The paperwork was perfect but there were chinks which had revealed that the true nature of the transactions was to convert illegitimate money by providing bogus or accommodation entries. A search under Section 132 of the Income-tax (I-T) Act conducted by the investigation wing of the I-T department on Mr Goyal unearthed that the registered offices of all these 90 companies were at 13/34, Main Arya Samaj Road, Karol Bagh and their former office was at 203, Dhaka Chambers, 2069/39, Naiwala, Karol Bagh, New Delhi. 
These companies were not carrying on any genuine business. The directors were employees of Mr Goyal, and were working as peons and receptionists. Entries in the books were bogus. The modus operandi in such cases is that cash is first deposited in the bank account of one such company, which is then then transferred/ circulated within the group companies before the cheque is issued to the beneficiary.

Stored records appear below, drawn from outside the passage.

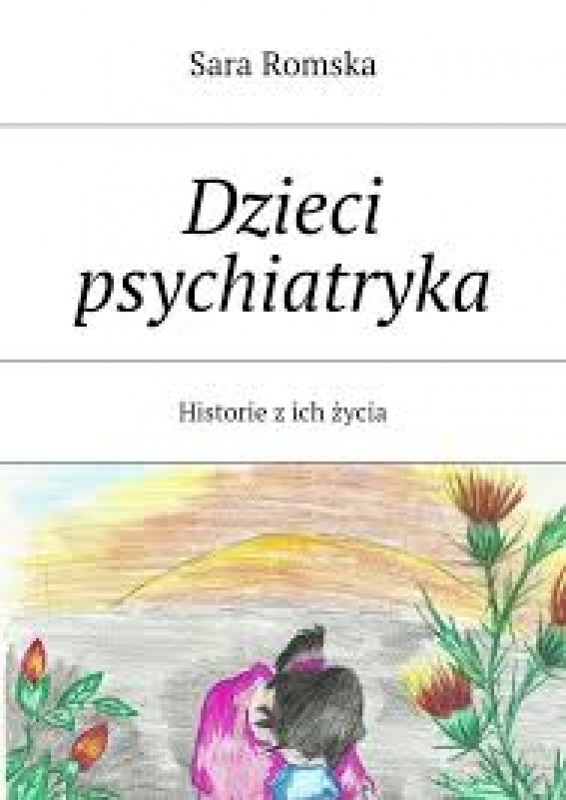 Dzieci psychiatryka.Historie z ich życia - Sara Romska - książka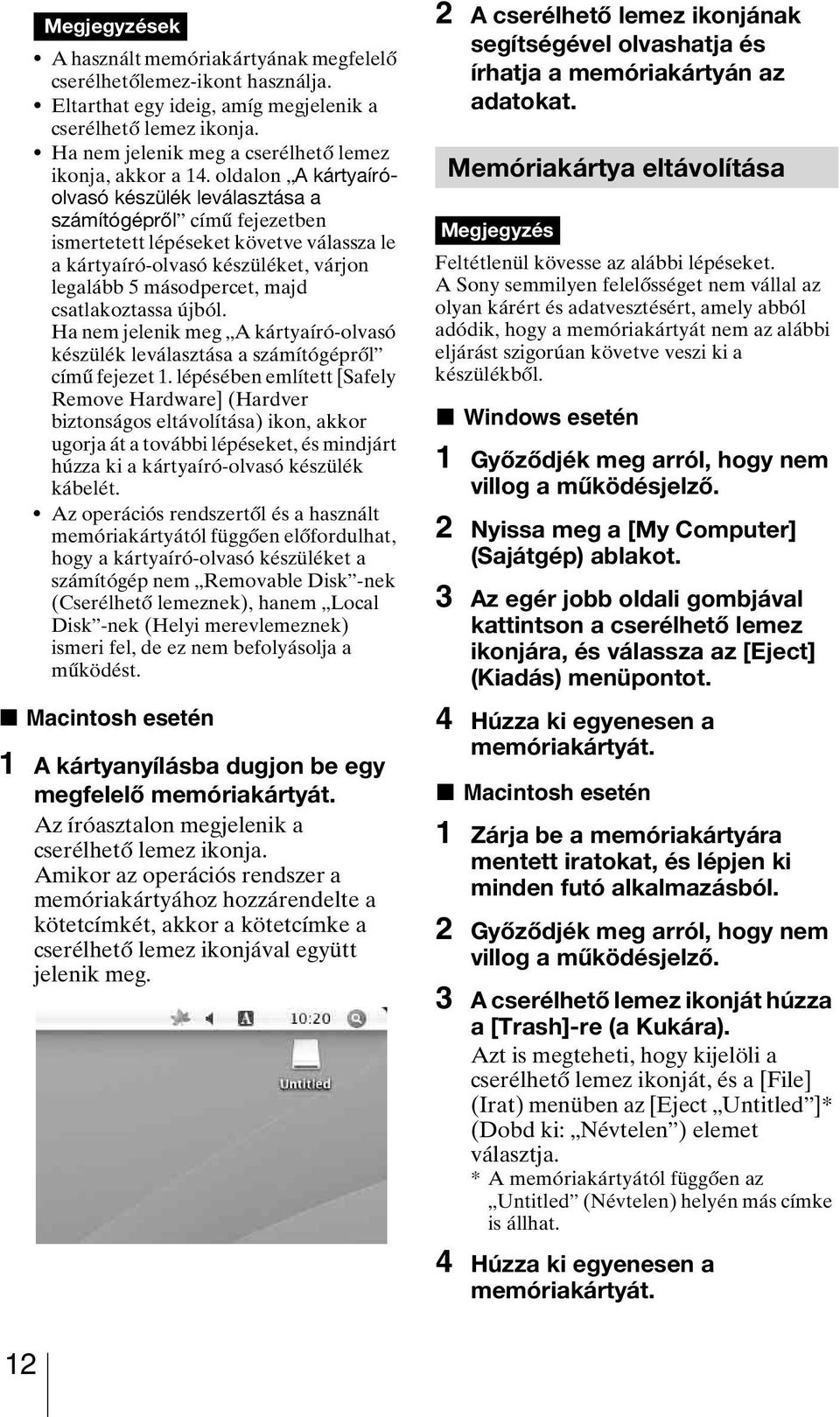 oldalon A kártyaíróolvasó készülék leválasztása a számítógépről című fejezetben ismertetett lépéseket követve válassza le a kártyaíró-olvasó készüléket, várjon legalább 5 másodpercet, majd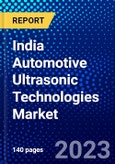 India Automotive Ultrasonic Technologies Market (2023-2028) by Type, Vehicle Type, and Applications, Competitive Analysis, Impact of Covid-19, Impact of Economic Slowdown & Impending Recession with Ansoff Analysis- Product Image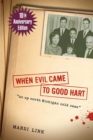 When Evil Came to Good Hart - Book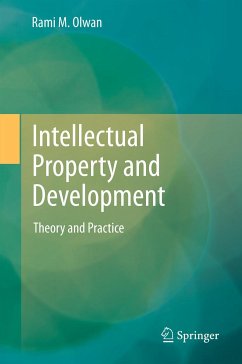 Intellectual Property and Development (eBook, PDF) - Olwan, Rami M.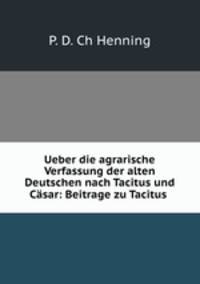 Ueber die agrarische Verfassung der alten Deutschen nach Tacitus und Casar: Beitrage zu Tacitus .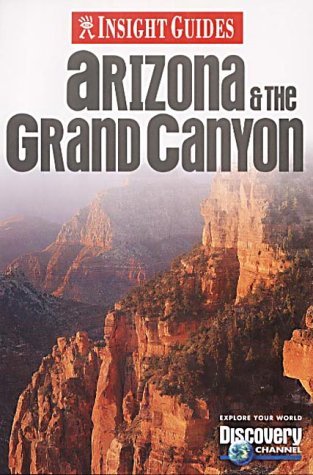 Read Online Arizona and the Grand Canyon Insight Guide (Insight Guides) - Gattuso. John | PDF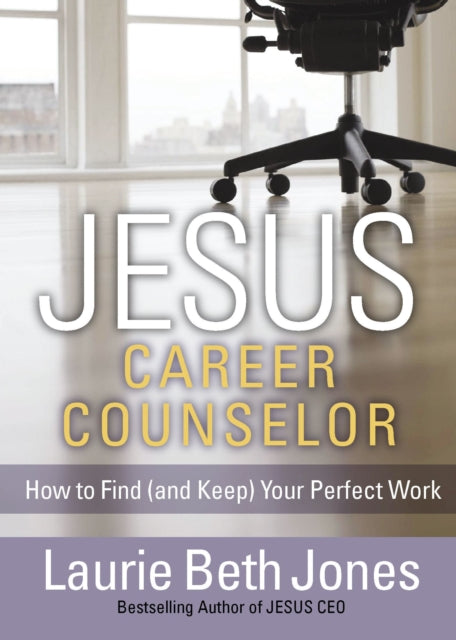 Jesus, Career Counselor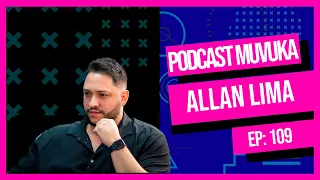 ALLAN LIMA | MUVUKA PODCAST EP 109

The assessing officer had asked NDR Promoters to produce the directors of the shareholder companies for examination after recording:-
(i) most of the directors in their statement recorded by the investigation wing had admitted that they had signed documents/papers on the direction of Tarun Goyal.
(ii) Shares of face value of Rs10 were issued at a premium of Rs40 (total Rs50). There was no justification and reason for a third person to purchase shares in NDR Promoters and to pay a substantial premium.
(iii) NDR Promoters had shown receipts of Rs16.38 lakh and Nil income in the year ending 31 March 2008 and 31 March 2007, respectively. There were no fixed assets and NDR Promoters had incurred expenses amounting to Rs12.17 lakh and Nil in the year ending after those two years.
The AO asked a bunch of pertinent questions like how and when the dealings had started with the shareholder companies; whether the promoters were known to each other directly or indirectly in which who was the introducer; since when the introducer was known; whether the applications for allotment of shares were received in one lot or on different dates and whether they were received by hand or by post. 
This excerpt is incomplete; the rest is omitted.